Use data_consistency :sticky because it's the best trade-off. A data consistency delayed could cause the job to be rescheduled if the replica hasn't caught up, but the worker is set to run with urgency :high so we want to avoid that. A sticky mode still allows us to use replica as much as possible.
@jreporter@cheryl.li This change is trivial but setting weight: 2 because we would want to roll this out with feature flag so there is that extra overhead.
After investigation with Nikola we found the that the issue with the persisted multiple primary calls was the result of calling Sticking.stick in the loop deep down in the method execution chain.
All the primary calls except the one are cached, so it shouldn't block us from fully rolling out the worker, which I am doing now and monitoring. The typical "primary vs replica" graph won't be as pretty as in the usual worker rollout case, but the fix to Sticking.stick may be delivered in parallel.

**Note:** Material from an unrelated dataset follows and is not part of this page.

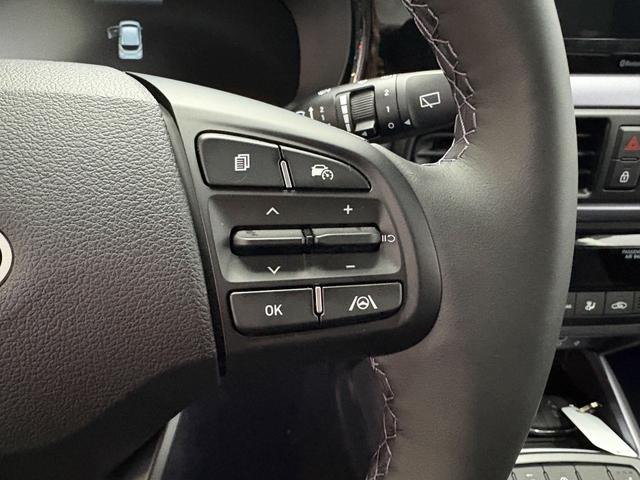 Hyundai i10 PREMIUM AUT SHZ KLIMAAUTOMATIK AMBIENTE ALU RFK PDC NAVI 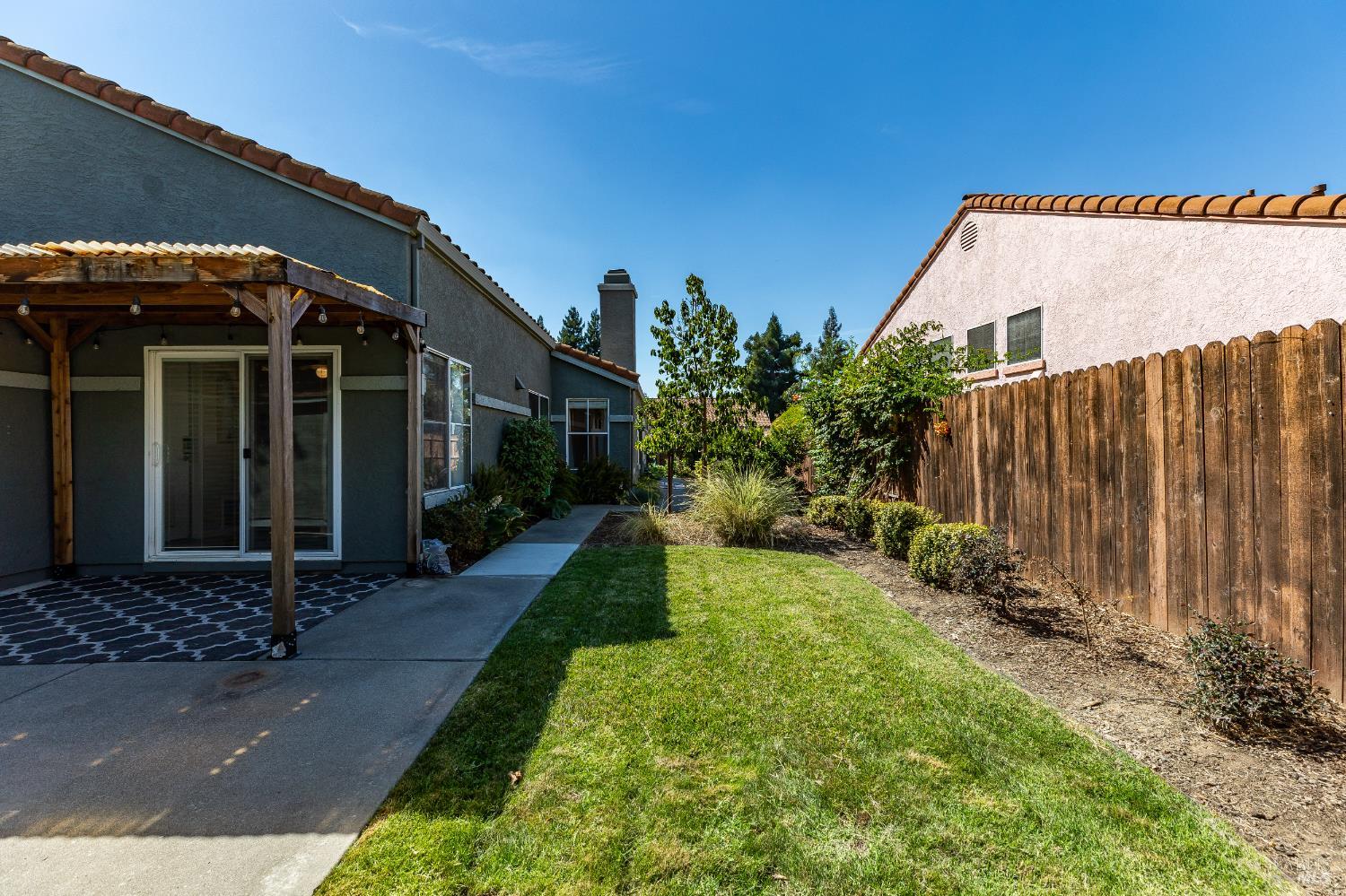 Detail Gallery Image 30 of 34 For 755 Oak Hollow Ave, Vacaville,  CA 95687 - 3 Beds | 2 Baths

Primary calls won't disappear fully because of what I've explained above ^ (until the follow-up fix is merged), but we could confirm that all calls except the first one to primary are cached ones:
I added an additional graph into my dashboard copy - non-cached primary calls count, as it makes it more visible how the LB enabling affected the DB primary pressure.
@changzhengliu FYI: I don't think we'll meet the exact due date set in this issue (end of today, I guess?), as I plan to monitor this under the feature flag today and remove the feature flag from the codebase (thus, closing this issue) tomorrow: !64180 (merged)
@alipniagov, regarding the due date, I think it's tomorrow, 2021-06-17. I think it's fine to take extra time to sweep the follow-ups. The most important part is that it's working on production right now. Thanks for helping with this effort!!